Excerpts from a dataset

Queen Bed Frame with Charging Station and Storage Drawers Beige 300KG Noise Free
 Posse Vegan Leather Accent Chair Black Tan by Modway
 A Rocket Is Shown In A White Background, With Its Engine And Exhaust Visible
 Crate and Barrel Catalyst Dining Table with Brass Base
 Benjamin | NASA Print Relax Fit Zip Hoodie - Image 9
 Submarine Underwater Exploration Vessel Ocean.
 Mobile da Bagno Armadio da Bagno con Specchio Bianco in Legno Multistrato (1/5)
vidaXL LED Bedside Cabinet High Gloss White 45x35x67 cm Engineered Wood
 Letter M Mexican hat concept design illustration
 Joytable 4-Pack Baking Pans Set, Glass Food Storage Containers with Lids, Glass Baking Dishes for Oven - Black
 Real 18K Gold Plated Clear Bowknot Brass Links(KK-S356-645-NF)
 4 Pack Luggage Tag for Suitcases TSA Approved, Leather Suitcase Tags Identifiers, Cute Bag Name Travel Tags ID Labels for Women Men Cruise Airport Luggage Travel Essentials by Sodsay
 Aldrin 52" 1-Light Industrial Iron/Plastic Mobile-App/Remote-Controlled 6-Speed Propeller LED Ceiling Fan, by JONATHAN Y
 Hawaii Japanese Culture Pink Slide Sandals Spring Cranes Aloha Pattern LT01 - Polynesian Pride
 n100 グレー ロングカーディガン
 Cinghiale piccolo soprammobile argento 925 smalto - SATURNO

## Task prompt
Your output should be an exact copy of every line from the one containing "Submarine Underwater Exploration" through the end of the records.

## Exercise answer
 Submarine Underwater Exploration Vessel Ocean.
 Mobile da Bagno Armadio da Bagno con Specchio Bianco in Legno Multistrato (1/5)
vidaXL LED Bedside Cabinet High Gloss White 45x35x67 cm Engineered Wood
 Letter M Mexican hat concept design illustration
 Joytable 4-Pack Baking Pans Set, Glass Food Storage Containers with Lids, Glass Baking Dishes for Oven - Black
 Real 18K Gold Plated Clear Bowknot Brass Links(KK-S356-645-NF)
 4 Pack Luggage Tag for Suitcases TSA Approved, Leather Suitcase Tags Identifiers, Cute Bag Name Travel Tags ID Labels for Women Men Cruise Airport Luggage Travel Essentials by Sodsay
 Aldrin 52" 1-Light Industrial Iron/Plastic Mobile-App/Remote-Controlled 6-Speed Propeller LED Ceiling Fan, by JONATHAN Y
 Hawaii Japanese Culture Pink Slide Sandals Spring Cranes Aloha Pattern LT01 - Polynesian Pride
 n100 グレー ロングカーディガン
 Cinghiale piccolo soprammobile argento 925 smalto - SATURNO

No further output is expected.